> _Task details_
Using the data below, reproduce exactly the lines from the line with "Implementation: Elevate the" to the line with "Hey everyone, it's", both included; pictures must be dropped.

> _Materials provided_

--------

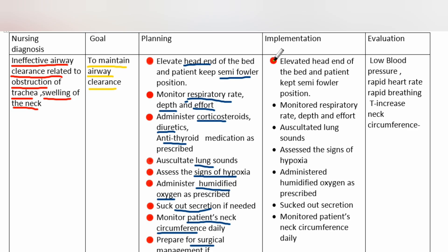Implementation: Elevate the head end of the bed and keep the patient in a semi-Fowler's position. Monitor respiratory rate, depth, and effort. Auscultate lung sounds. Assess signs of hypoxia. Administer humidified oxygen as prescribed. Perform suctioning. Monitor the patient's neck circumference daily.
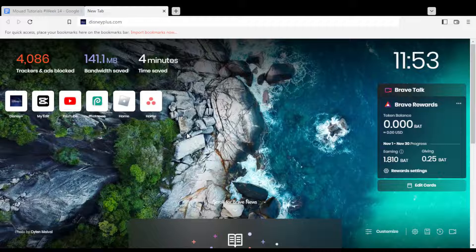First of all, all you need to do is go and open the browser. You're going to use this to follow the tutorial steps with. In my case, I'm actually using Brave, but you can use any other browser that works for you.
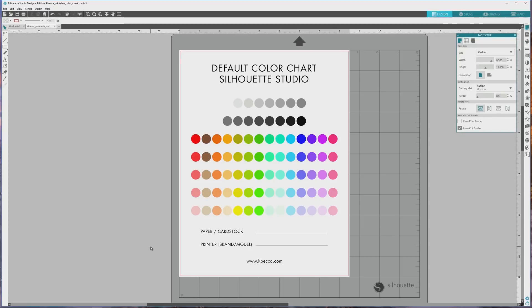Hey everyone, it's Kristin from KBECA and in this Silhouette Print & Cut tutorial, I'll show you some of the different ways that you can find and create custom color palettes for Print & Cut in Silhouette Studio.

--------

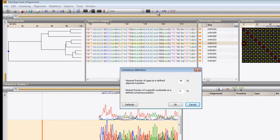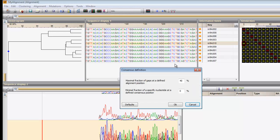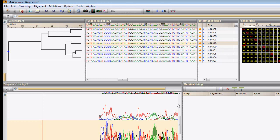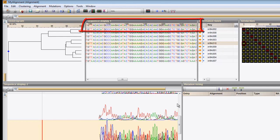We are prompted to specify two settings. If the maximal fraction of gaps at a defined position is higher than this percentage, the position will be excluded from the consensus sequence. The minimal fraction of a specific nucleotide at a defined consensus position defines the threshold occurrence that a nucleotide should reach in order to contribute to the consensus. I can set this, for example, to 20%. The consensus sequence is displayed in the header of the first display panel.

--------

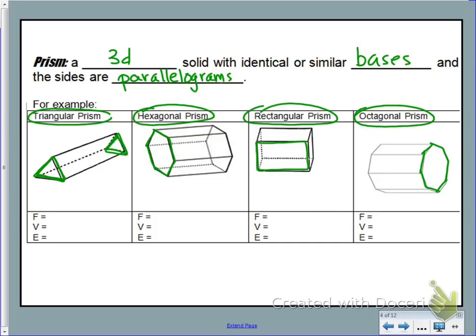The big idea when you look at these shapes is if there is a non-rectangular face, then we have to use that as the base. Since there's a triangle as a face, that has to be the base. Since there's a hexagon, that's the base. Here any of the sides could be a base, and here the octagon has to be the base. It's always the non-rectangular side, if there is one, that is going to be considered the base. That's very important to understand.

--------

> _Result of this task_
Implementation: Elevate the head end of the bed and keep the patient in a semi-Fowler's position. Monitor respiratory rate, depth, and effort. Auscultate lung sounds. Assess signs of hypoxia. Administer humidified oxygen as prescribed. Perform suctioning. Monitor the patient's neck circumference daily.
First of all, all you need to do is go and open the browser. You're going to use this to follow the tutorial steps with. In my case, I'm actually using Brave, but you can use any other browser that works for you.
Hey everyone, it's Kristin from KBECA and in this Silhouette Print & Cut tutorial, I'll show you some of the different ways that you can find and create custom color palettes for Print & Cut in Silhouette Studio.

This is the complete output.